====== Given information ======

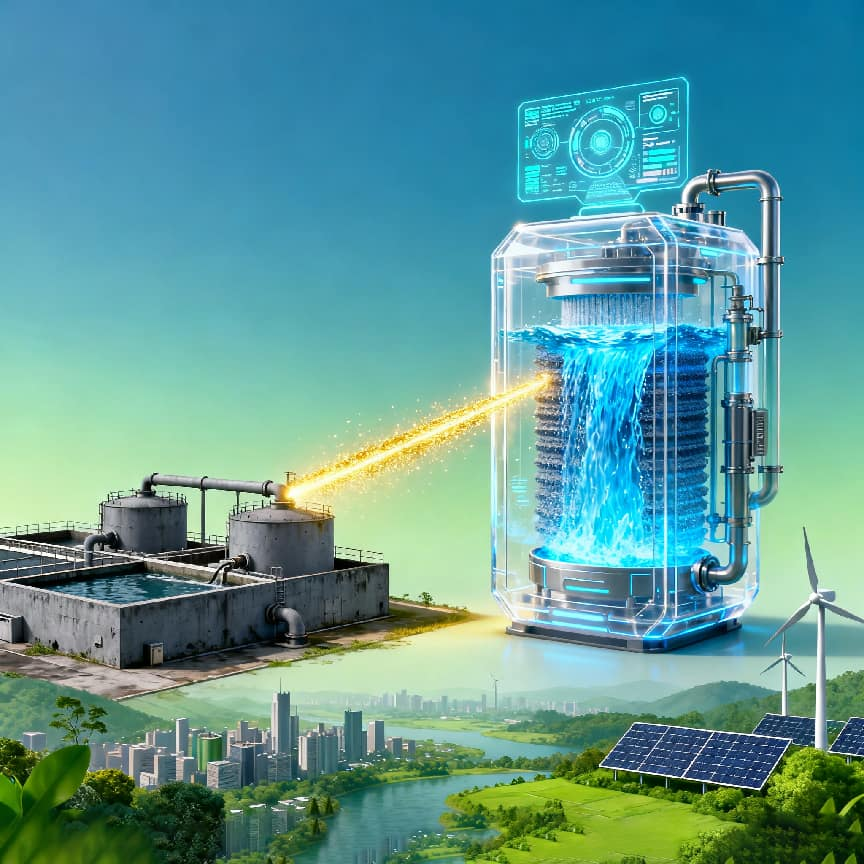 Sewage Treatment Products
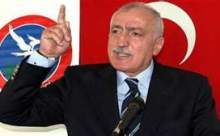 TANTAN: ''TÜRKMENLERİ İKTİDAR KAVGASINA ALET ETME!''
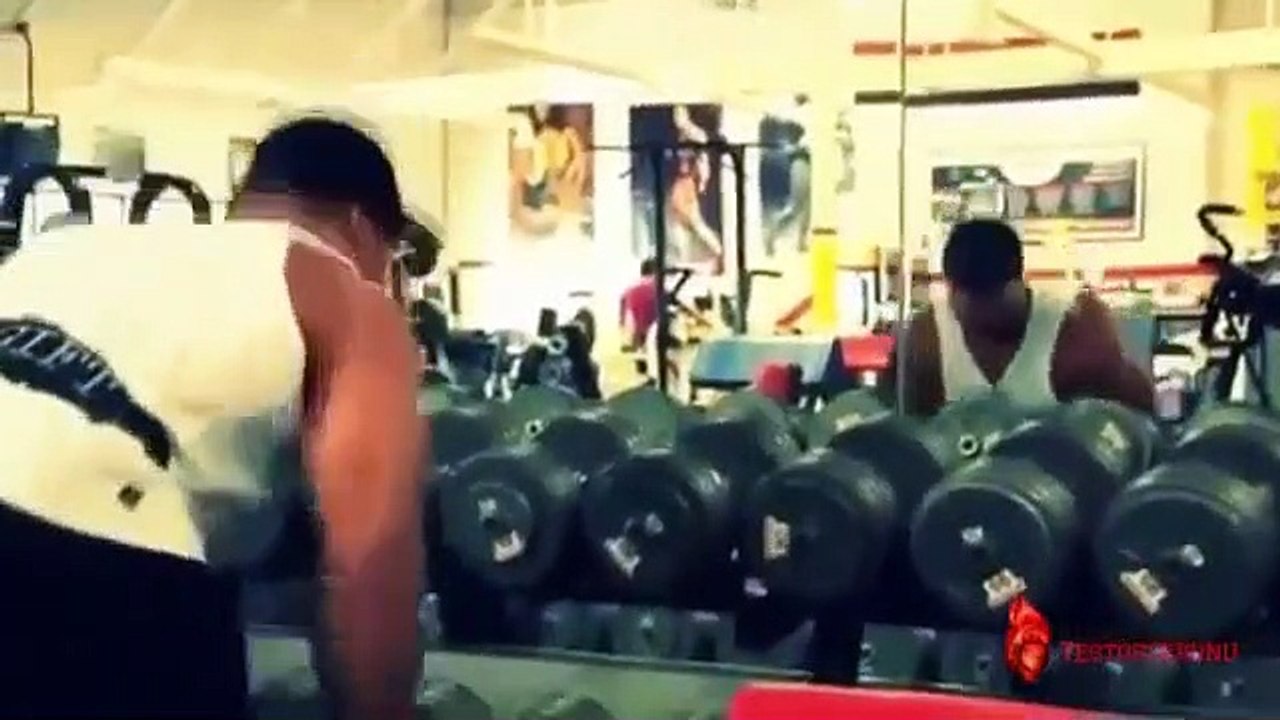 The Bodybuilding Monsters!  soz im a mob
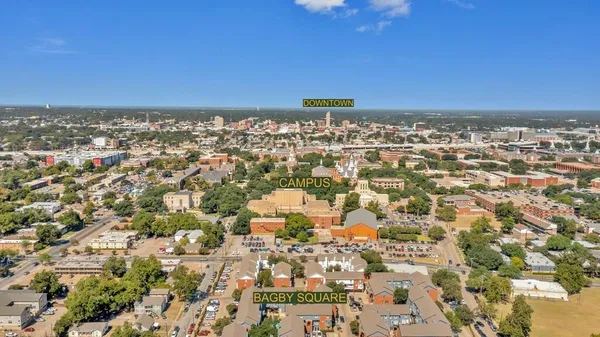 $249,000 | 600 Bagby Avenue, Unit 2A, Waco, TX 76706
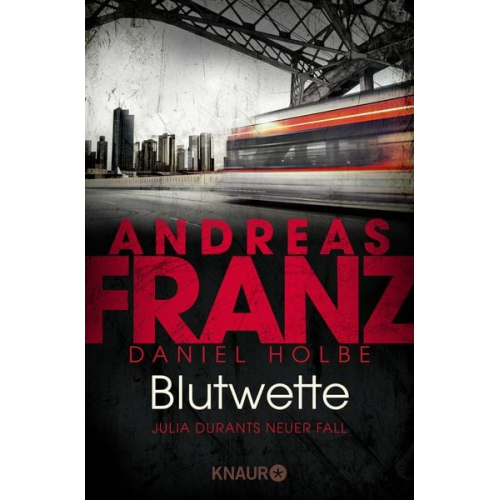 Andreas Franz Daniel Holbe - Blutwette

======

## About this task
Above are records with pictures; repeat the records exactly and leave the pictures out.

## Reply
 Sewage Treatment Products
 TANTAN: ''TÜRKMENLERİ İKTİDAR KAVGASINA ALET ETME!''
 The Bodybuilding Monsters!  soz im a mob
 $249,000 | 600 Bagby Avenue, Unit 2A, Waco, TX 76706
 Andreas Franz Daniel Holbe - Blutwette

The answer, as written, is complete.